Un an plus tard, les motifs de ce meurtre n’ont toujours pas été tirés au clair : s’agissait-il d’un crime de droit commun ou bien était-il lié à son travail en tant que militant anticorruption ?

Makonene avait travaillé sur des allégations de corruption, dont certaines auraient impliqué des membres de la police. Il semble y avoir eu peu de progrès dans l'enquête sur son meurtre.

Les autorités rwandaises ont déclaré à Human Rights Watch que le dossier est toujours ouvert. Le ministère de la Justice a indiqué que des enquêtes sont en cours et que de nouvelles informations ont été transmises par la police, sans fournir d’autres détails.

Le meurtre de Makonene a brièvement fait les gros titres de quelques journaux il y a un an, mais depuis lors, un silence presque complet s’est installé, à la fois aux niveaux national et international.

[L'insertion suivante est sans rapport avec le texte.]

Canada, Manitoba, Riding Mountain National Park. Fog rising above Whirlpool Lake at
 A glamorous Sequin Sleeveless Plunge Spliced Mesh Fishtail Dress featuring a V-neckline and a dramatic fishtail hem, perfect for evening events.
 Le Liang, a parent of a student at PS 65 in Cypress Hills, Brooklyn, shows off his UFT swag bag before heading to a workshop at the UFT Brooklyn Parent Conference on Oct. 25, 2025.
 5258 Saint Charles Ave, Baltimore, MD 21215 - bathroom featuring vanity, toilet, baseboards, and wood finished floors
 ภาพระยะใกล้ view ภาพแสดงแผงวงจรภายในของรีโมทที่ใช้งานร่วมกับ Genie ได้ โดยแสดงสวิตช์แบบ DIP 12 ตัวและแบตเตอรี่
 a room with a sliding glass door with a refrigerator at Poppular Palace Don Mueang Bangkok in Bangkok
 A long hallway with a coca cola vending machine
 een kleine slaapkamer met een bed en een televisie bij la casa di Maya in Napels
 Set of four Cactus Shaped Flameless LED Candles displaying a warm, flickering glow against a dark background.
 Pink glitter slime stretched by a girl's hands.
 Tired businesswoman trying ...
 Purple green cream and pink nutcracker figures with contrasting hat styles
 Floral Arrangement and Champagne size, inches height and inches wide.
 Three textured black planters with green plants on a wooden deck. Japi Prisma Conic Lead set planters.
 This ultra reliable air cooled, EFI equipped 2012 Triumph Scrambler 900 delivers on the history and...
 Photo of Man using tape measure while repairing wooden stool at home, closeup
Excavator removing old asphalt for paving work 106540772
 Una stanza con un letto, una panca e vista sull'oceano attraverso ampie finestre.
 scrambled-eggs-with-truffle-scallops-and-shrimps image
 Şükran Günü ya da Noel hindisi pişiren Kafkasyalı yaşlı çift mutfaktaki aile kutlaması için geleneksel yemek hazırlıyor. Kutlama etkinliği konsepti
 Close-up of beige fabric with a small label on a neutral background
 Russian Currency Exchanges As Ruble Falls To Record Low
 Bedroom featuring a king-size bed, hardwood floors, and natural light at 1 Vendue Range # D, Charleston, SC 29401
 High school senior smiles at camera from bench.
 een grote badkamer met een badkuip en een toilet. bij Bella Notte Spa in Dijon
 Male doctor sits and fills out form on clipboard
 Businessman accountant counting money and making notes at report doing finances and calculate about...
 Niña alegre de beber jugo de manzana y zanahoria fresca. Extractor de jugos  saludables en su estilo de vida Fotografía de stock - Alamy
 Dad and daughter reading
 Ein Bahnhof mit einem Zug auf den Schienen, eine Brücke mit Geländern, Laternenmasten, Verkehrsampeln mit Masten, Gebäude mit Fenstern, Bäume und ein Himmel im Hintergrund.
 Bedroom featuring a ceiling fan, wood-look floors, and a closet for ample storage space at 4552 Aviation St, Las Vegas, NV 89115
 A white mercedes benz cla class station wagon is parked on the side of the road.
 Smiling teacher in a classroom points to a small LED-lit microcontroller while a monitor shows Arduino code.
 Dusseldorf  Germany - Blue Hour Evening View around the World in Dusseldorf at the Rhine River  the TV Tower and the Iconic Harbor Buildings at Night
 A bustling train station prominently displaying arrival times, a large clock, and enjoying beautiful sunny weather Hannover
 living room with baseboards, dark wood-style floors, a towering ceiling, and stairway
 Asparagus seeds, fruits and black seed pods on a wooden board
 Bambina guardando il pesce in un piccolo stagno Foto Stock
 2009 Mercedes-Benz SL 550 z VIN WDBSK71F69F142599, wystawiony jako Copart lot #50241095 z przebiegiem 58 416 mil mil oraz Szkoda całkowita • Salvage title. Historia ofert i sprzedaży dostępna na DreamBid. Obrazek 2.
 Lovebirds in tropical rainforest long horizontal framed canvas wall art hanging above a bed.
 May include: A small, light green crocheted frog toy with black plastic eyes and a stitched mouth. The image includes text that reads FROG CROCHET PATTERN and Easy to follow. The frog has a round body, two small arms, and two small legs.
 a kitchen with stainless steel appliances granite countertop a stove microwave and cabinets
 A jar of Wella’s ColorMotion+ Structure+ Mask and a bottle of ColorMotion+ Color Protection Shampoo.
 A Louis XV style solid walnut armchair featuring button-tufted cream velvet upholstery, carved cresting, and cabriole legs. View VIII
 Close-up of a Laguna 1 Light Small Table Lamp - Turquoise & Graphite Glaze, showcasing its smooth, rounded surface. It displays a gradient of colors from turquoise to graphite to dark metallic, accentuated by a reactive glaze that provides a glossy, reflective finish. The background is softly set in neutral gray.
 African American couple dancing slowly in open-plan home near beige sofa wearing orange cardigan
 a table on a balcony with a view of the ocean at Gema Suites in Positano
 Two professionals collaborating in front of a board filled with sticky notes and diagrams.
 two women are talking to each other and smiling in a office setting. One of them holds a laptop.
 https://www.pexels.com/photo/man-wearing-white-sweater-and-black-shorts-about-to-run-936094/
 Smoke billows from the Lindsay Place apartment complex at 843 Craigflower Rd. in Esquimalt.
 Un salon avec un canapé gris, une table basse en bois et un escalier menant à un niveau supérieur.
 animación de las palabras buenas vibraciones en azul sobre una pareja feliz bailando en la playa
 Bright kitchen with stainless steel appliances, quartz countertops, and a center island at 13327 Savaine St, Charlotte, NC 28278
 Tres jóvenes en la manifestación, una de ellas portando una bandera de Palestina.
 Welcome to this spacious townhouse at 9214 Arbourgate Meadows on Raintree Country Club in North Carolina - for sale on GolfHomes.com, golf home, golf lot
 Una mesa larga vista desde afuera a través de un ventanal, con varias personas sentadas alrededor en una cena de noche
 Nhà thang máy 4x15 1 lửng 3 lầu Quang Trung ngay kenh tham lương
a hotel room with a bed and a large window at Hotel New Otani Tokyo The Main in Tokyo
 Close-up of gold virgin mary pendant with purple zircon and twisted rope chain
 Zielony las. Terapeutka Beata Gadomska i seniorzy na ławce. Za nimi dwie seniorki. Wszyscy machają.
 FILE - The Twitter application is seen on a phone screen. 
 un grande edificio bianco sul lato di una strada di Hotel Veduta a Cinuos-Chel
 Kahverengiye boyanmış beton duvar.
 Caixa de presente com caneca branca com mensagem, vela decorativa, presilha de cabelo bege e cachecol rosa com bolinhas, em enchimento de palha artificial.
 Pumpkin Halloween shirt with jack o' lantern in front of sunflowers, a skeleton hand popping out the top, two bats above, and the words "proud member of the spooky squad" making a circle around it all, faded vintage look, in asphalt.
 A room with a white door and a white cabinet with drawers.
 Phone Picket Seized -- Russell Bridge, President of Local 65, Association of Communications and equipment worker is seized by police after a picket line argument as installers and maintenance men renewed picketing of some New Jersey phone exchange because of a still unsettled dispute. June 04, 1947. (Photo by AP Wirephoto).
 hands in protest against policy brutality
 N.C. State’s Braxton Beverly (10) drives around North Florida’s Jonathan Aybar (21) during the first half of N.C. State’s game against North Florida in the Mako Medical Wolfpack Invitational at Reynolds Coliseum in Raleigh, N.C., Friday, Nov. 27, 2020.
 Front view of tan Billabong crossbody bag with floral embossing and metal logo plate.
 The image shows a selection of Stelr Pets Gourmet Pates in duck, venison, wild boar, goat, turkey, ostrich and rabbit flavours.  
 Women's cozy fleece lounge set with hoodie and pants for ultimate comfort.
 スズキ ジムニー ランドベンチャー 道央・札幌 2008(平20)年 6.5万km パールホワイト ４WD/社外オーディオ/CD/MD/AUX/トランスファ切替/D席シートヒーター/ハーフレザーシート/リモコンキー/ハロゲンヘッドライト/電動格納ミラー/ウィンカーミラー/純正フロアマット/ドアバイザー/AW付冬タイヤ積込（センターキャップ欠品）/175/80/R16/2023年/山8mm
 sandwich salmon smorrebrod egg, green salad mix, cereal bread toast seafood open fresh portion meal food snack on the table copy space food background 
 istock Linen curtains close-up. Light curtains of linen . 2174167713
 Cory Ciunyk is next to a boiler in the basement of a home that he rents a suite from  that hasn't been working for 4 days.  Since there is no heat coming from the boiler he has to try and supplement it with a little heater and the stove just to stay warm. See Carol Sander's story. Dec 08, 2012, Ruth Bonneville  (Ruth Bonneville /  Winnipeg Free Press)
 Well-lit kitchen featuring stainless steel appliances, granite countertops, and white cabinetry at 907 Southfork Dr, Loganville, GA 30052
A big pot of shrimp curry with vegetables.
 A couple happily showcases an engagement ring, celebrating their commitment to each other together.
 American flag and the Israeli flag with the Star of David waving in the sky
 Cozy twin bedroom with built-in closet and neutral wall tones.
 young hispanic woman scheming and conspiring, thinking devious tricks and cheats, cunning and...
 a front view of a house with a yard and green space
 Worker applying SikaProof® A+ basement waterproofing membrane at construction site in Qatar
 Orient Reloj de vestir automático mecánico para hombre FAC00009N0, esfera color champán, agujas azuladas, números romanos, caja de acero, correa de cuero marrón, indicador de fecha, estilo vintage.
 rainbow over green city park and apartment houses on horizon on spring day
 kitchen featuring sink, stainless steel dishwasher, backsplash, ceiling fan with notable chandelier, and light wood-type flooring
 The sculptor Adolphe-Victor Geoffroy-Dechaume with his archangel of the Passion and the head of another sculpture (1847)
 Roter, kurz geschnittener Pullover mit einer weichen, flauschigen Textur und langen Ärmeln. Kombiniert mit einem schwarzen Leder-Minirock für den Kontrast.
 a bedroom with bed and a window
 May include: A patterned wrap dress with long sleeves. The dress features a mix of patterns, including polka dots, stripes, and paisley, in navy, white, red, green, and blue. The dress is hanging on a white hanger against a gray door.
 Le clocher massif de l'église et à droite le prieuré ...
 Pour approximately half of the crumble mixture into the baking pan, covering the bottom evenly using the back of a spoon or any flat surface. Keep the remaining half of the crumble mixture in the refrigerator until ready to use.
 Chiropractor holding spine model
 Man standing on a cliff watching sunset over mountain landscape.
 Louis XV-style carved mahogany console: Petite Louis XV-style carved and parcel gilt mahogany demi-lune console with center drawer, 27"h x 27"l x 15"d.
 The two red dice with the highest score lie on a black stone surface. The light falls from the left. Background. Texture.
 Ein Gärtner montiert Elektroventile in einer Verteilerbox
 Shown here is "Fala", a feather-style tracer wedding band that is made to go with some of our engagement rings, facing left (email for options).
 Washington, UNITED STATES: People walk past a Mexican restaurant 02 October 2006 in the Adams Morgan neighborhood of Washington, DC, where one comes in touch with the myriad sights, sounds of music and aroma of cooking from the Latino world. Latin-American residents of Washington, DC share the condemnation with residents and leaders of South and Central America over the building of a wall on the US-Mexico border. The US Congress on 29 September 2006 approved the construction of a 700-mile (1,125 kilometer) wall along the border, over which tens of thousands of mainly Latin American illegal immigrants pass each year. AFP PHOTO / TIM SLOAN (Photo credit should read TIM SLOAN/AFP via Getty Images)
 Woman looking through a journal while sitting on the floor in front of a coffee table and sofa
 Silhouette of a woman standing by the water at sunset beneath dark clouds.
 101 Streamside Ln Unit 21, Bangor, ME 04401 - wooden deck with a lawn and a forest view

Ce silence reflète à la fois la faiblesse des médias indépendants et des organisations indépendantes au Rwanda et la réticence des partenaires internationaux du Rwanda à s'exprimer sur les questions perçues comme sensibles. Si personne ne réclame justice, cette affaire pourrait rester non résolue.

Ce silence est frappant en comparaison avec les réactions aux meurtres d'autres militants dans des pays voisins.

Ce contraste est illustré par les cas d’Ernest Manirumva, vice-président de l'organisation anticorruption burundaise OLUCOME, tué en 2009 dans la capitale du Burundi, Bujumbura, et de Floribert Chebeya Bahizire, directeur exécutif de l'organisation congolaise des droits humains Voix des Sans Voix, tué en 2010 dans la capitale de la RD Congo, Kinshasa.

Les organisations de défense des droits humains dans ces deux pays ont fortement dénoncé ces meurtres et vigoureusement fait campagne pour obtenir justice. Aucune de ces affaires n'a encore été résolue de façon satisfaisante, mais les militants continuent leurs campagnes, en veillant à ce que les meurtres soient couverts par les médias locaux et en obtenant le soutien de diplomates.

Pourquoi la situation est-elle si différente au Rwanda ? Réclamer justice pour le meurtre d’un militant anticorruption devrait être un réflexe naturel pour les organisations de défense des droits humains et pour d’autres groupes indépendants.

Au lieu de cela, il s’agit presque d’un sujet tabou au Rwanda. Quand Human Rights Watch a soulevé le cas de Makonene auprès de membres de ces groupes, de journalistes locaux et d’acteurs internationaux, leurs réponses ont varié du malaise, ou d’un haussement d'épaules à des expressions de préoccupation apparemment sincères mais privées.

Au cours des dernières années, l'intimidation, le harcèlement, l'obstruction et les menaces du gouvernement ont considérablement affaibli les organisations indépendantes du Rwanda.

En 2013, des gens moins critiques à l’égard du bilan du gouvernement en matière de droits humains ont pris illégalement le contrôle de la direction de l'une des dernières organisations des droits humains indépendantes restantes , la Ligue rwandaise pour la promotion et la défense des droits de l'homme (LIPRODHOR).

En quelques jours, la nouvelle direction a été reconnue par l’Office rwandais de la gouvernance, l'organisme étatique chargé de la supervision des organisations non-gouvernementales (ONG).

Silence de la Plate-forme

Pendant ce temps, la Plate-forme de la société civile rwandaise, un groupe d'organisations largement pro-gouvernementales, semble plus soucieuse de défendre le bilan du Rwanda en matière de droits humains que de demander justice pour les exactions. Elle n'a publié aucune déclaration publique condamnant le meurtre de Makonene.

Les médias rwandais ne s'en tirent guère mieux. Ils restent fortement dominés par la presse et la radio pro-gouvernementales, et les journalistes indépendants ne couvrent que rarement les questions politiquement sensibles.

Depuis 2010, un journaliste indépendant a été assassiné ; plusieurs autres ont été poursuivis et emprisonnés pour des articles publiés dans des journaux ; d'autres ont fui le pays après des menaces répétées ; et deux journaux indépendants populaires ont été fermés.

Certains diplomates ont évoqué le cas de Makonene en privé auprès des autorités rwandaises, mais il n'y a pas eu de forte condamnation publique du meurtre de la part des gouvernements bailleurs de fonds, qui prétendent soutenir une société civile forte dans le cadre d'une démocratie dynamique.